وَعَنْ أَبِي ثَعْلَبَةَ الْخُشَنِيِّ - رَضِيَ اللَّهُ عَنْهُ -، قَالَ: «قُلْت:
يَا رَسُولَ اللَّهِ، إنَّا بِأَرْضِ قَوْمٍ أَهْلِ كِتَابٍ، أَفَنَأْكُلُ فِي
آنِيَتِهِمْ؟ قَالَ: لَا تَأْكُلُوا فِيهَا، إلَّا أَنْ لَا تَجِدُوا غَيْرَهَا،
فَاغْسِلُوهَا، وَكُلُوا فِيهَا» مُتَّفَقٌ عَلَيْهِ.
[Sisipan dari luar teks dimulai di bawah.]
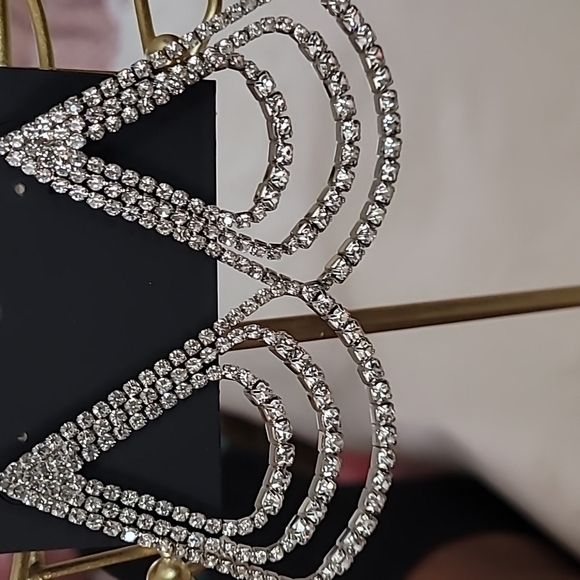 New Rhinestones Earrings - Picture 2 of 3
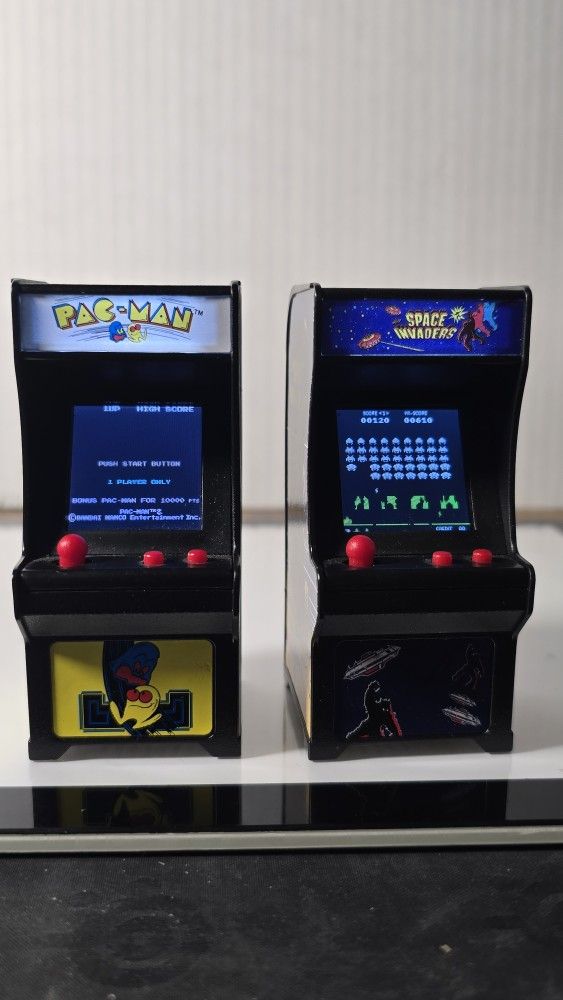 Mini Pac Man Space Invaders Arcade Machine 2017 Super Impulse Limited Bandai Video Game Kids Toys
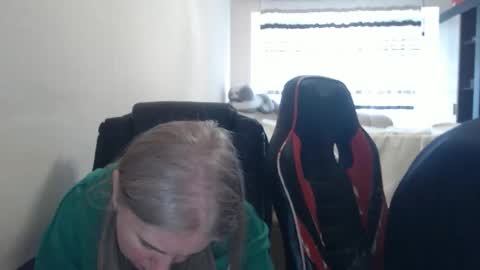 JenisAndPeter online show from March 23, 8:41 am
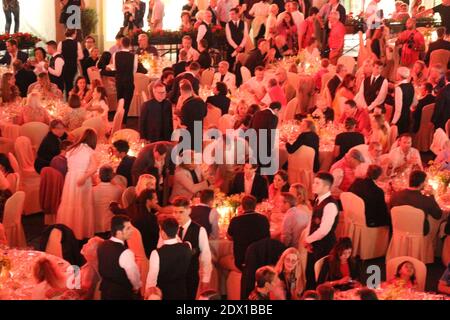 Ferrari Cavalcade, der Platz von Capri ganz rot - Evento Ferrari, la Piazzetta di Capri illuminata in rosso Stockfoto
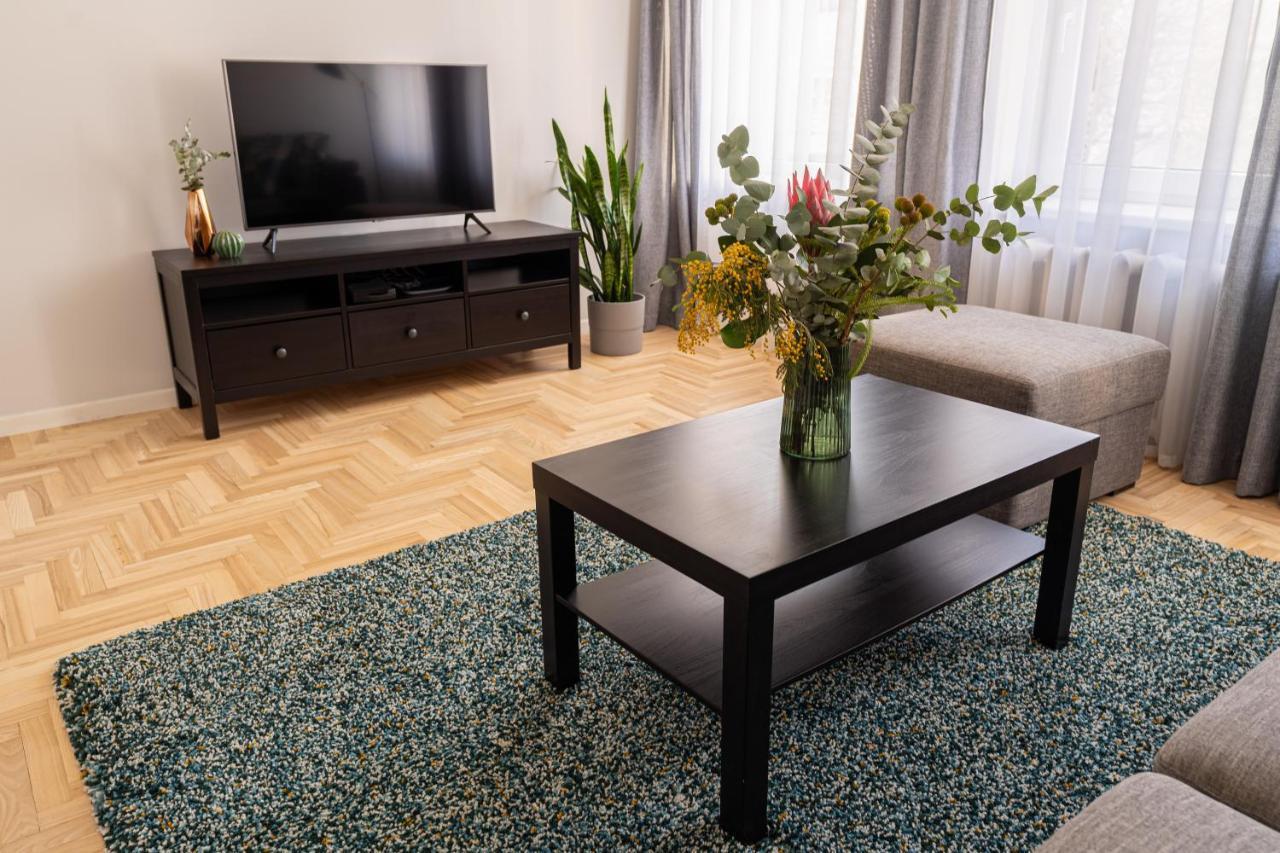 Lovely Apartment In The City Center Kaunas Exterior photo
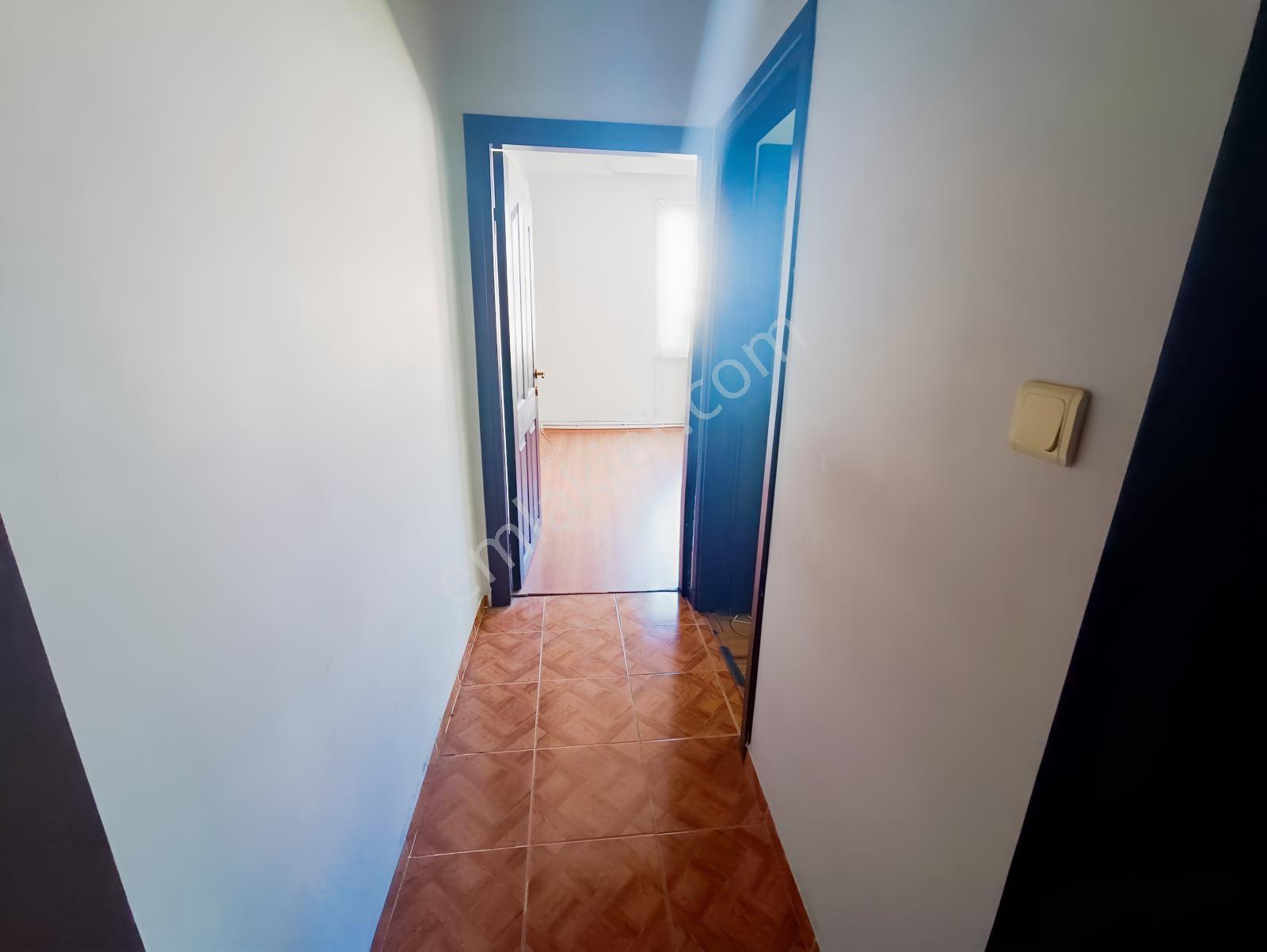 İçerenköy'de Satılık 5+1 Dubleks Daire — fotoğraf 22
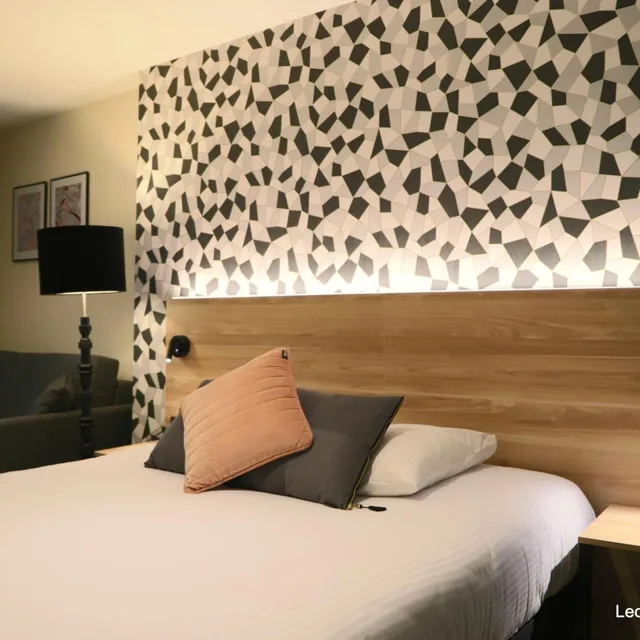 Superior, Triple, Univers Hotel 5/10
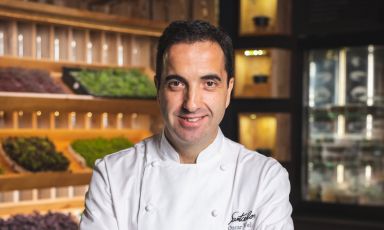 Óscar Velasco, 46, chef from Santceloni, two Michelin stars in Madrid. He’ll cook at the Hub of Identità Golose Milano from Wednesday 25th to Saturday 28th September (75 euros, including wines, reservations online)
Dari Abu Tsa’labah al Khusyani RA ia berkata, “Aku bertanya, “Wahai Rasulullah SAW, sesungguhnya kami berada pada negeri ahli kitab, bolehkah kami makan pada bejana mereka?’ beliau SAW menjawab, “Janganlah kamu makan padanya, kecuali jika kalian tidak mendapatkan yang lain, maka cucilah (bejana mereka) kemudian makanlah padanya.” (Muttafaq alaih)
[Shahih: Al Bukhari 5478, Muslim 1930]
Biografi Perawi
Abu Tsa’labah al Khusyani, dinisbatkan kepada Khusyain bin an Namir dari Qudha’ah. namanya Jurhum bin Nasyib, ia lebih terkenal dengan julukan yang diberikan padanya. Ia membaiat Rasulullah SAW pada Baiat ar Ridhwan. Rasulullah SAW memberikan bagian kepadanya pada perang Khaibar dan mengutusnya kepada kaumnya, lalu mereka pun masuk Islam. Ia berpindah ke Syam dan meninggal dunia di sana pada tahun 57 H, dan ada yang berpendapat yang lain tentang tahun meninggalnya.
Tafsir Hadits
Hadits ini dijadikan dalil najisnya bejana ahli kitab. Apakah karena najisnya makanan mereka, ataukah karena mereka makan babi dan minum khamar (arak) padanya, ataukah karena dimakruhkan? Yang mengatakan najisnya makanan orang kafir adalah Al Hadawiyah dan Al Qasimiyah, dan didukung oleh Ibnu Hazm. Mereka juga berdalil dengan zhahirnya firman Allah SWT:
{إِنَّمَا الْمُشْرِكُونَ نَجَسٌ}
“Sesungguhnya orang-orang yang Musyrik itu najis.” (QS. At-Taubah [9]: 28)
Dan ahli kitab disebut orang musyrik, karena mereka mengatakan bahwa Isa adalah putra Allah, dan Uzair adalah putra Allah.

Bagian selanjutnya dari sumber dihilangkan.